Marine Life Society of South Australia Inc.

Newsletter

November 2005   No. 327

understanding, enjoying & caring for our oceans”

 

Next Meeting

This will be the November Meeting and will be held at the Conservation Centre, 120 Wakefield Street, Adelaide on Wednesday  16th November commencing at 7.30pm.

 

Our speaker will be John Emmett who will be discussing MPA’s.

 

Contents

Queenscliff Marine Discovery Centre (Philip Hall)           

Greg Rouse’s Marine Worm (& Feather Star) Research Part 1 (Steve Reynolds)   

 

This is the final newsletter for 2005 and I would like to take this opportunity to wish everyone a very Happy Christmas and a really great New Year. I look forward to seeing you all at the first meeting in 2006 on the 18th January.

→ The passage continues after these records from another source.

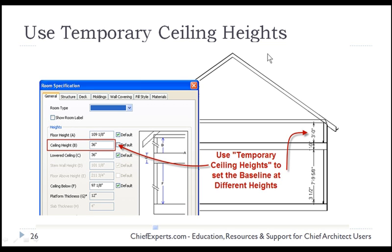Temporary ceiling heights can be used to help you get your roofs in place. Alright, how does that work?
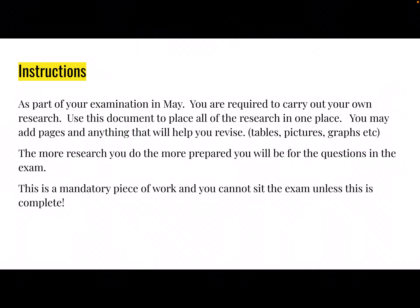Here are the instructions for the research task. As part of your examination in May, you are required to carry out your own research. Use this document to place all of the research in one place. You may add pages and anything that will help you revise — for example, tables, pictures, graphs, infographics, facts and figures. The more research you do, the more prepared you will be for the questions in section B. This is a mandatory piece of work. You cannot sit the exam unless you complete this, so think about that — you would not be able to complete a whole section, which would be a real shame.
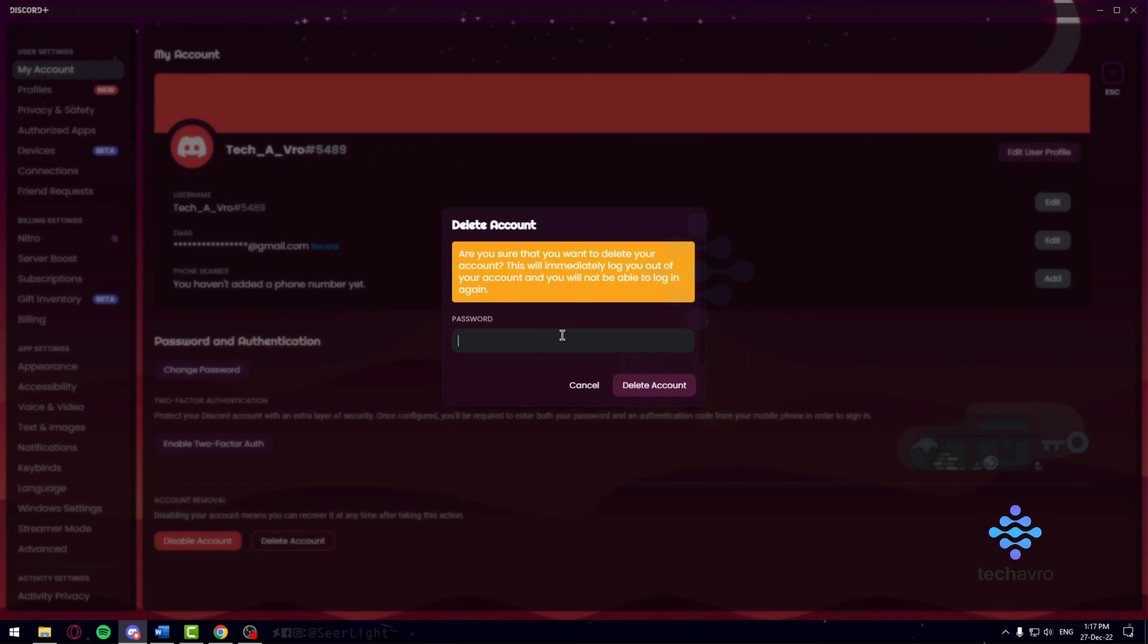Next, you want to click on delete account. It's going to ask you for a password and confirm: are you sure you want to delete your account? This will immediately log you out and your account will be unable to log in again.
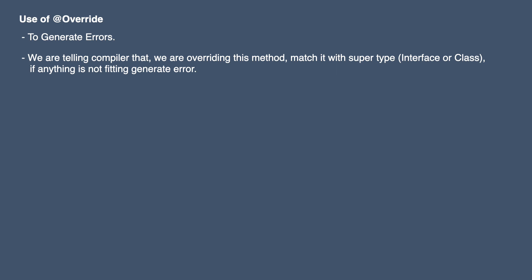The benefit of using this annotation is readability of code. Every time as a developer we see the @Override annotation on top of any method, we get to know that this particular method is being overridden.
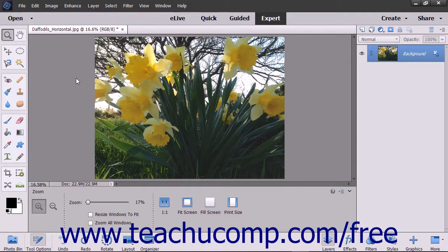The Liquify command lets you interactively distort an image, layer, or selection to give the appearance of liquefying the image.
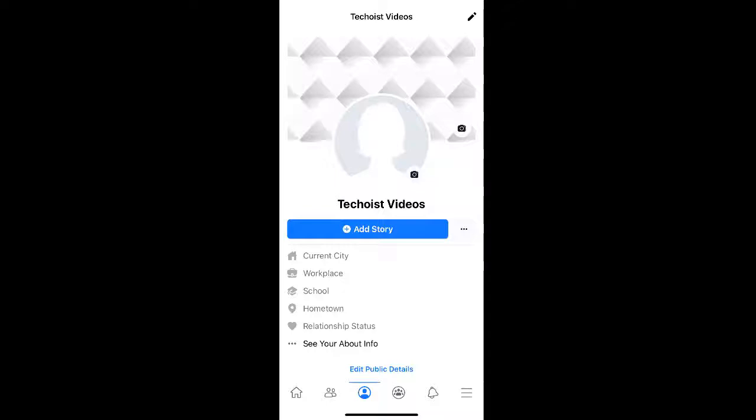How to deactivate your Facebook account from your phone. If you need a break from Facebook and want to delete your account only temporarily, you can deactivate your Facebook account.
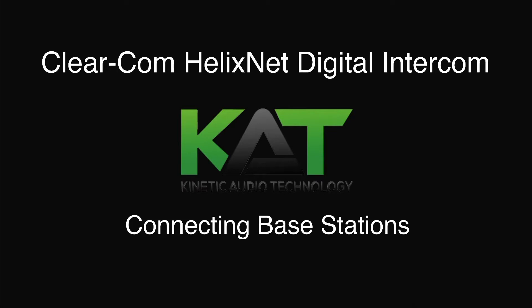Hello and welcome to Kinetic Audio Technology's course on ClearCom HelixNet Digital Intercom Systems. In this video I'll be showing you how to connect multiple base stations in a HelixNet link group.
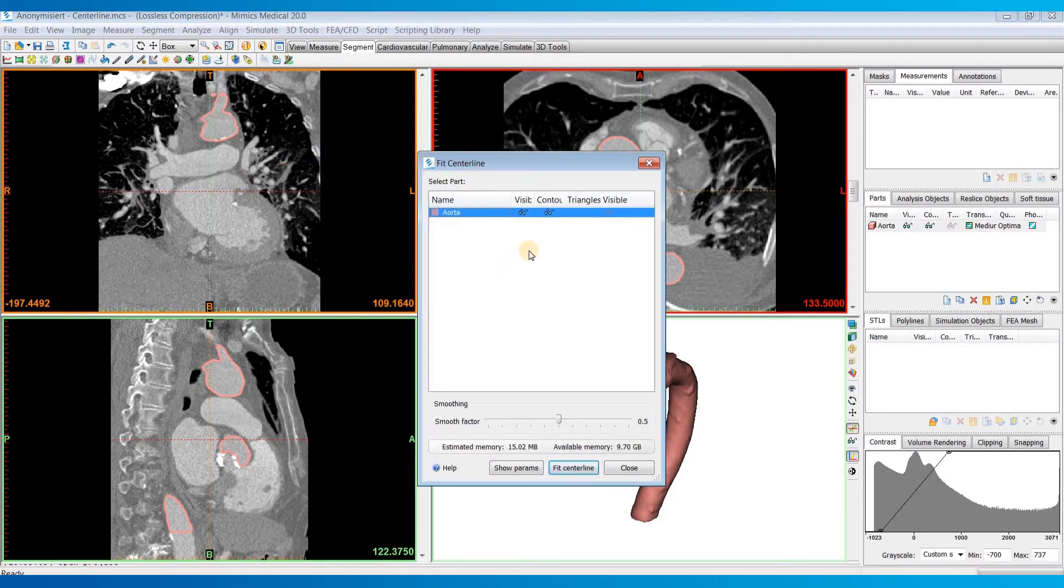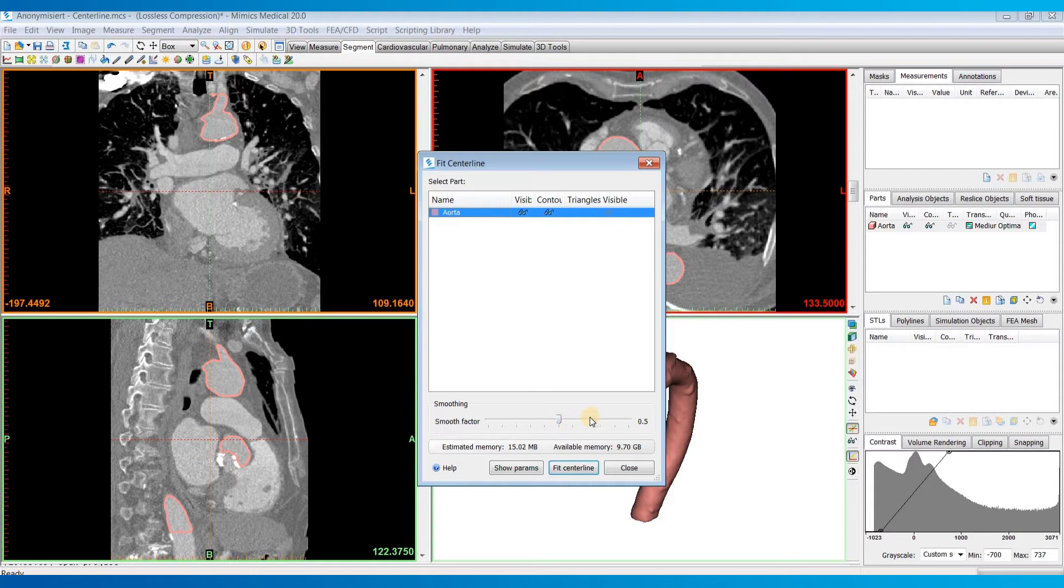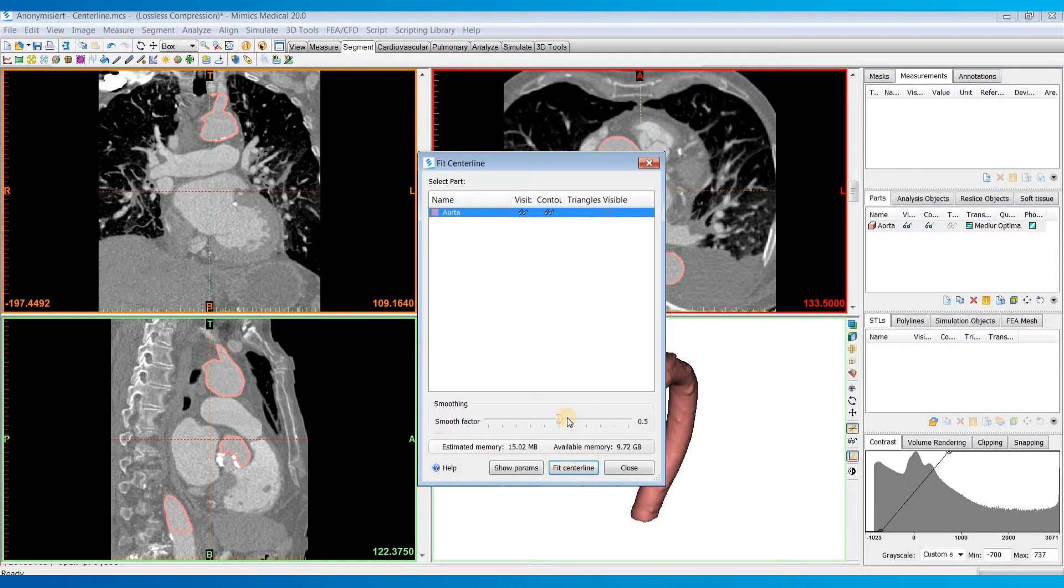Now there's only a few parameters for this tool. First is the Smooth Factor, which controls the level of smoothing performed. And smoothing will stop when one point in the centerline branch deviates from its original position more than the Smooth Factor times the average branch radius.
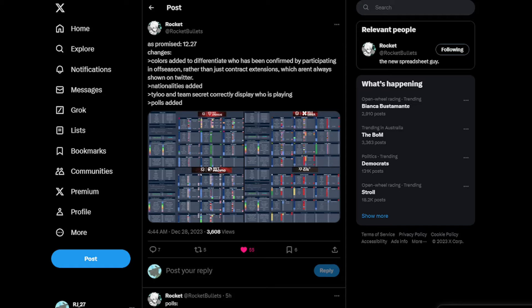Hello everyone and welcome to today's video. Today I'll be talking about the December 27th spreadsheet that Rocket Bullets has made. He's made some changes which include colors added to differentiate teams that have been confirmed by participating in off-season events rather than just contract extensions.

There will of course be a Journal sent out to members in December. At the time of writing this I am not certain if a PDF version will be possible due to the large graphic content which means the size might be too great to send. It will be on our website in colour of course.

Philip Hall

                                                                                             

REMINDER

 

Articles for YOUR Newsletter are always required. The more people who write articles then the wider the topic spread. Please do not leave it up to just a few. Articles of any length are welcome.

 

This Newsletter

The hardcopy of the Newsletter is in black and white as usual. If members prefer a colour PDF version then please email me.

 

Queenscliff Marine Discovery Centre

by Philip Hall

 

During our short September holiday in Melbourne to see the Dutch Masters display at the Art Gallery we went via Queenscliff so we could visit the Marine Discovery Centre there.

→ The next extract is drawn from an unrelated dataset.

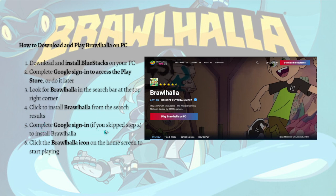Then complete the Google sign-in if you skipped step two — this is to install Brawlhalla. After that, just click the Brawlhalla icon on the home screen to start playing.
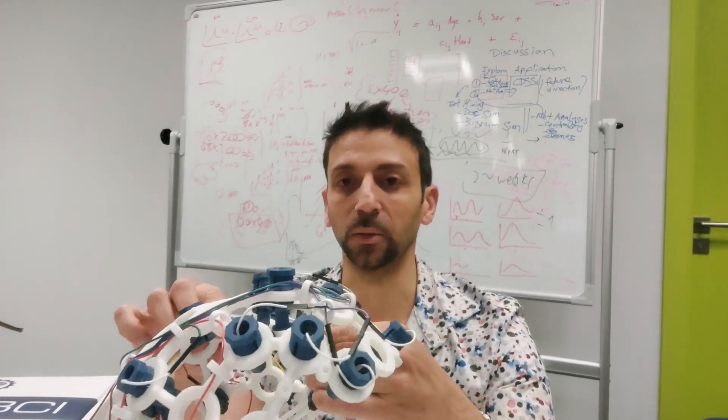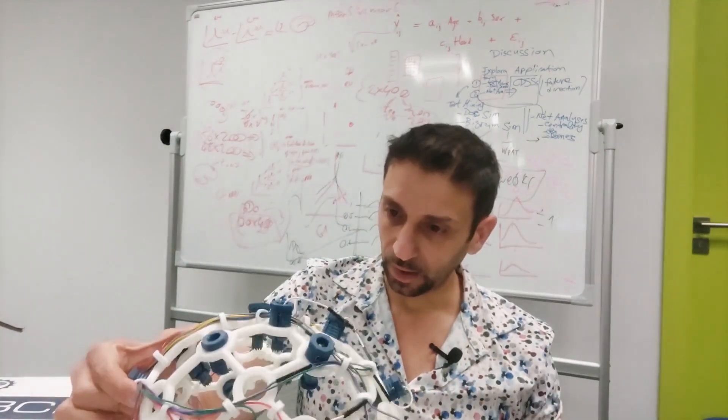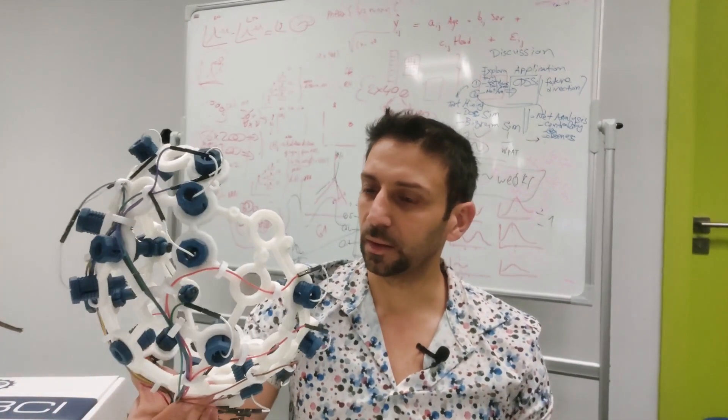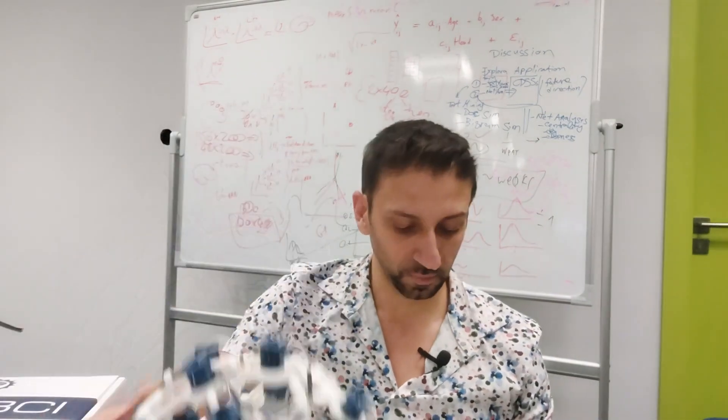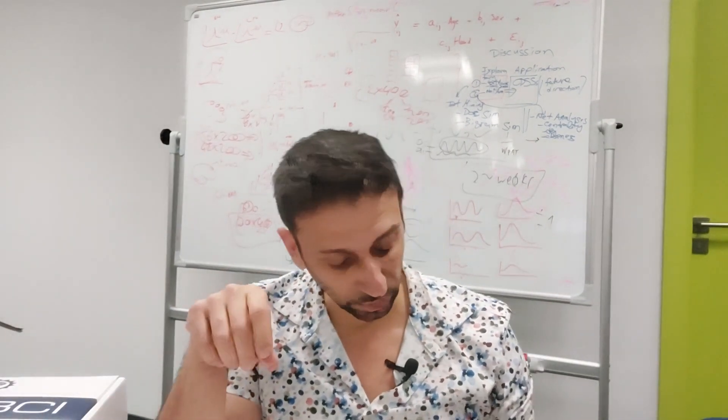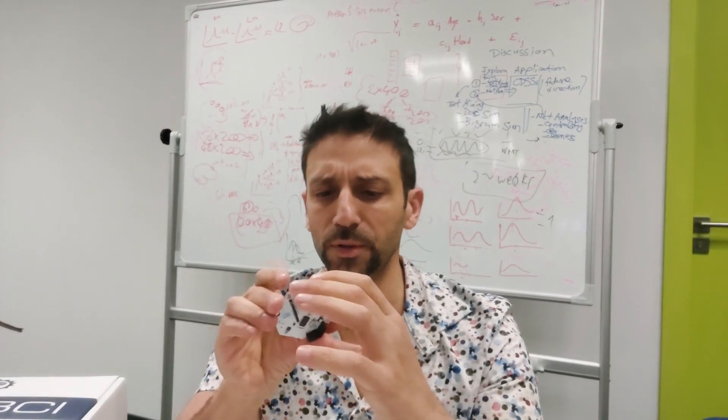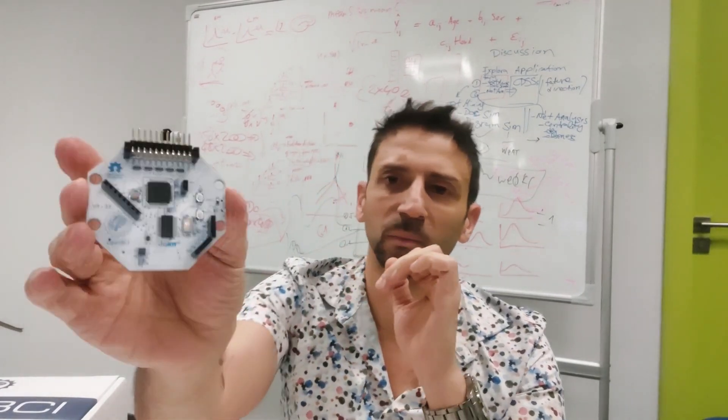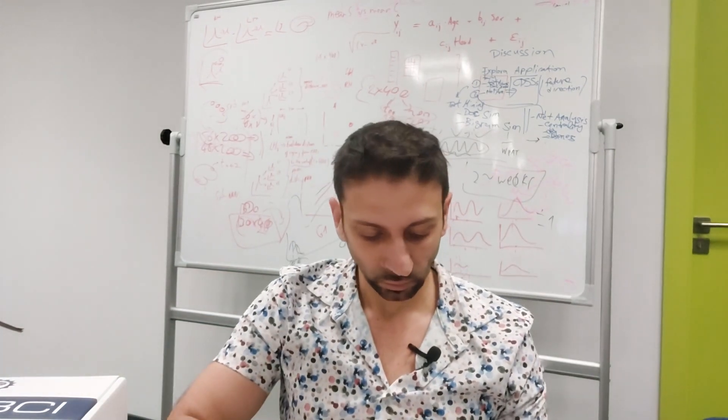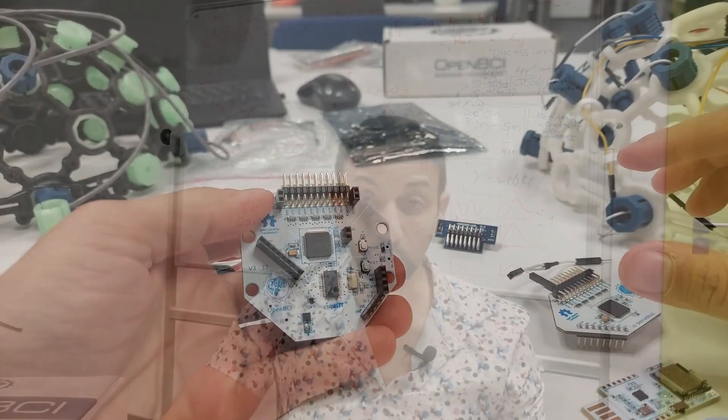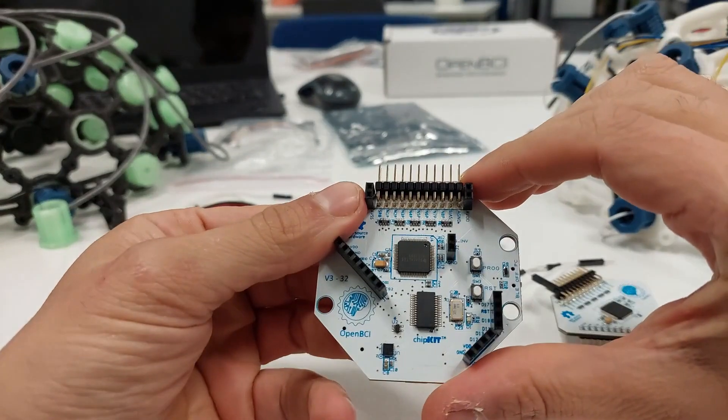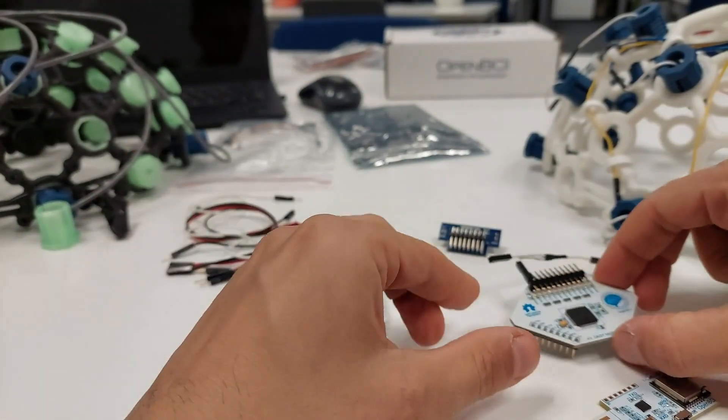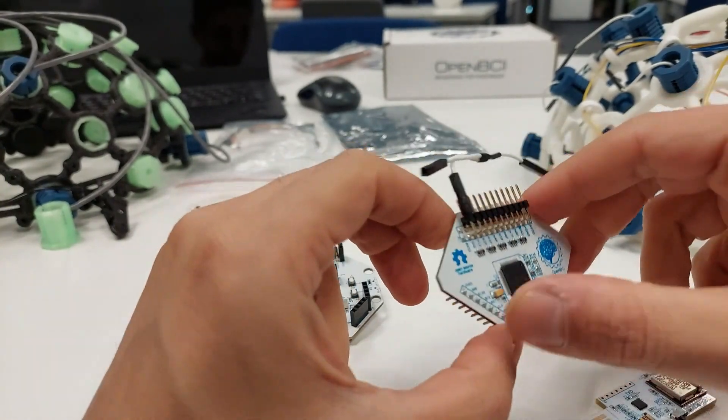There are dry electrodes or wet electrodes for reading the signal you need to read and amplify. There are some boards, for example this is the Cyton, which is only for eight channels and that can be expanded with the daisy mode. So essentially you have to put together the daisy and the Cyton.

It used to be housed in a building near the Sorrento ferry terminal. It was rather run down when we visited it some years ago so when we heard it had been recently rebuilt we decided to pay it a visit. It is now housed in an award winning building a couple of kilometres before the town itself.

As you can see from the picture much care has been taken with the design from environmental and aesthetic points of view.

 

The Centre opens at 10.00am so we were the first there. The friendly staff member warned us that a large group of very young children was expected so we quickly entered the main area. We stared in amazement at the large number of aquaria in view, of different sizes and beautifully clean and well lit built into the walls.

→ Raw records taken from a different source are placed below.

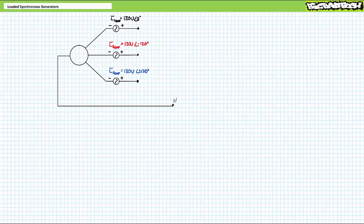Good day and welcome to Big Bad Tech. I'm your instructor, Jim Pytel, and today's topic of discussion is loaded synchronous generators.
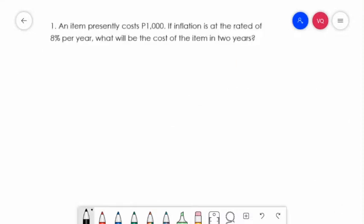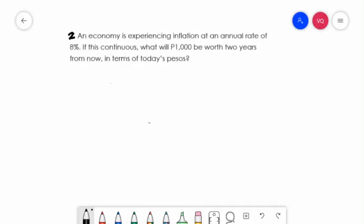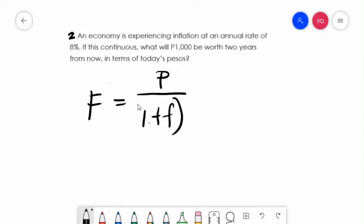Example number one: an item presently costs P1,000. If inflation is at the rate of 8% per year, what will be the cost of the item in two years? Example number two: an economy is experiencing inflation at an annual rate of 8%. If this continues, what will P1,000 be worth two years from now in terms of today's pesos? There will be a decrease in the buying power of money as costs increase, so we will use the formula F = P / (1 + f)^N.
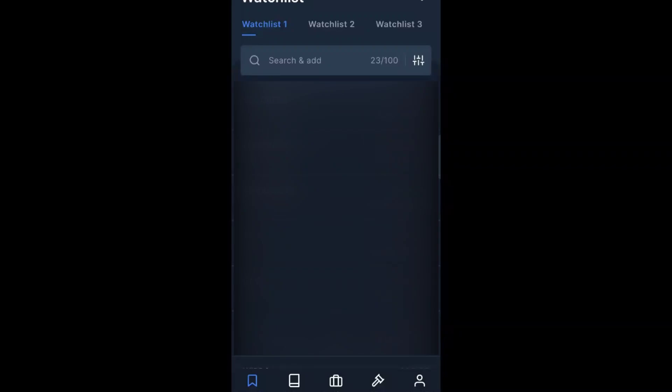Hello viewers, how are you all? Welcome back to another video. In this video we are going to discuss how we can close a Zerodha account.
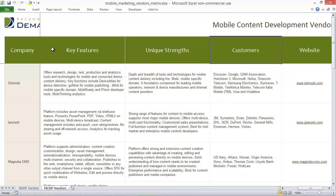Use this document to evaluate vendors that may work for your organization and save hours of time on research.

The tanks were all full of creatures and were often dedicated to just one species. For example the seajellies had their own tank as did the octopus and the seahorses. Others had to share and many familiar creatures and fish can be studied.

One tank contained the Pacific Seastar; I have never seen such a large seastar before. They were huge.

 

The only criticism we had was the large touch pool in the centre of the floor. (You must know my views on the handling of marine creatures). In it were mainly seastars and urchins. Again the water was crystal clear and beautifully lit. Small platforms around the outside were arranged for smaller children to stand on.

A separate teaching room was equipped with TV and video, comfortable seats and carpet and plenty of items to inspect around the walls. One wall had a beautiful glass mural built into it. (Below)

Other areas included one with so many items we could have spent hours there checking them all out. The way they were displayed was excellent. They were in small wooden boxes, some were open and others with more delicate items had plastic fronts.

One wall faced out onto Port Philip Bay and long slit windows low down would enable children (or crouching adults) to watch the many birds on the water or in the reed beds.

The Centre is only a small part of the complex. Other organisations occupy the rest and I assume they are all marine based.

 

We left in time to catch the 11.00am ferry to Sorrento very impressed with the quality of the Centre and vowing to return in a few years time to see how it progresses.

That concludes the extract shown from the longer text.